→ Supplied information
+---+
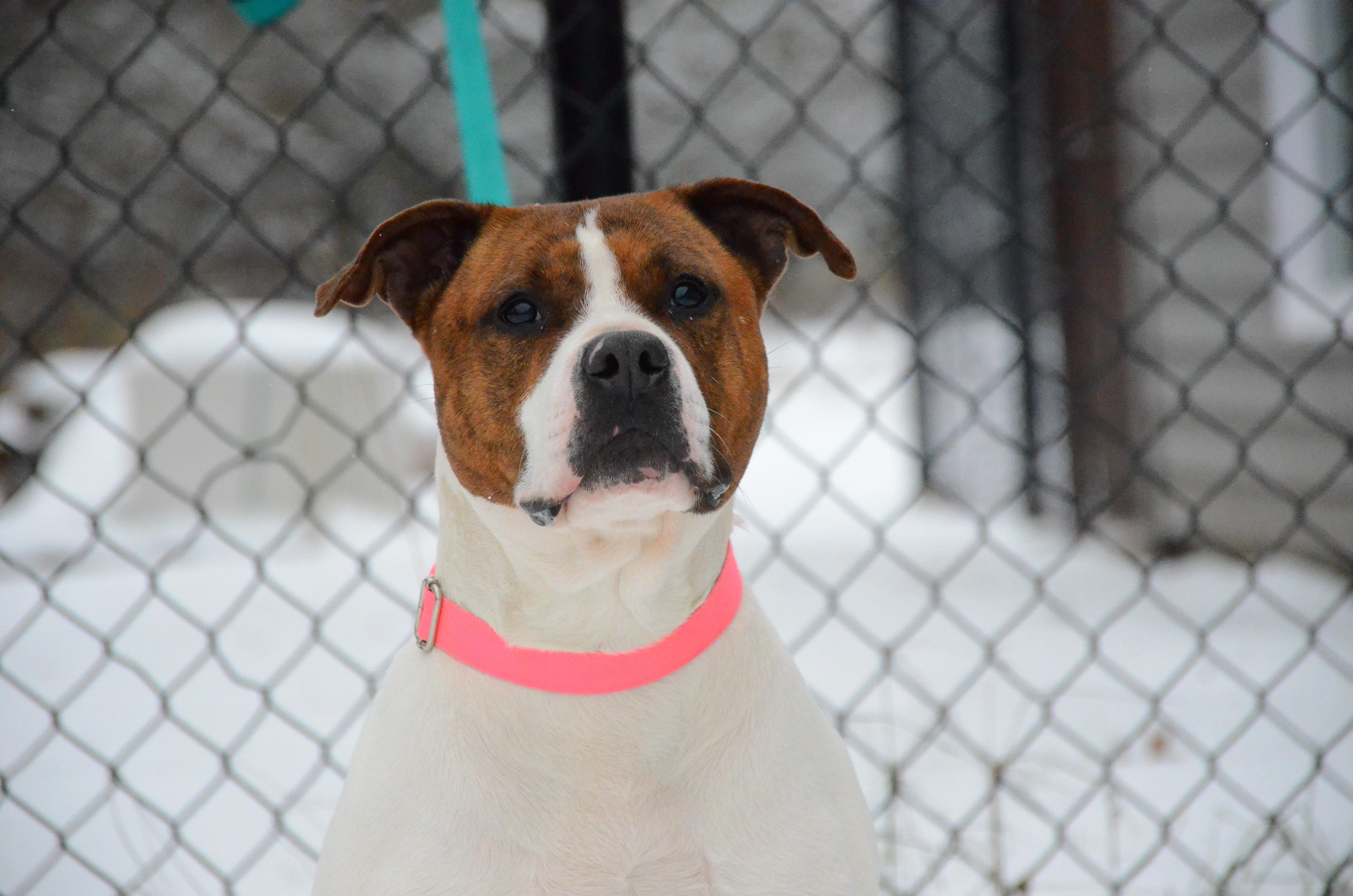 Enlarge Magenta, a Adoptable mixed breed in Montreal, QC image 5/6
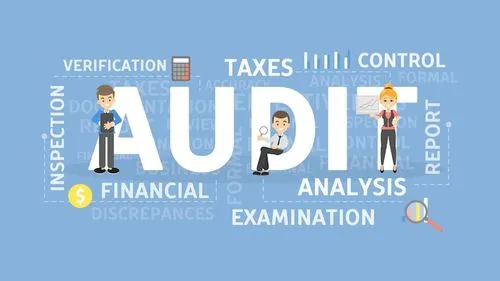 Risk & Audit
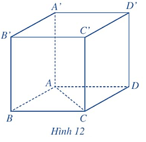 Hoạt động 7 trang 61 Toán 12 Cánh diều Tập 1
+---+
Omit each picture, then return all of the listing exactly as it stands.

→ Response to this task
 Enlarge Magenta, a Adoptable mixed breed in Montreal, QC image 5/6
 Risk & Audit
 Hoạt động 7 trang 61 Toán 12 Cánh diều Tập 1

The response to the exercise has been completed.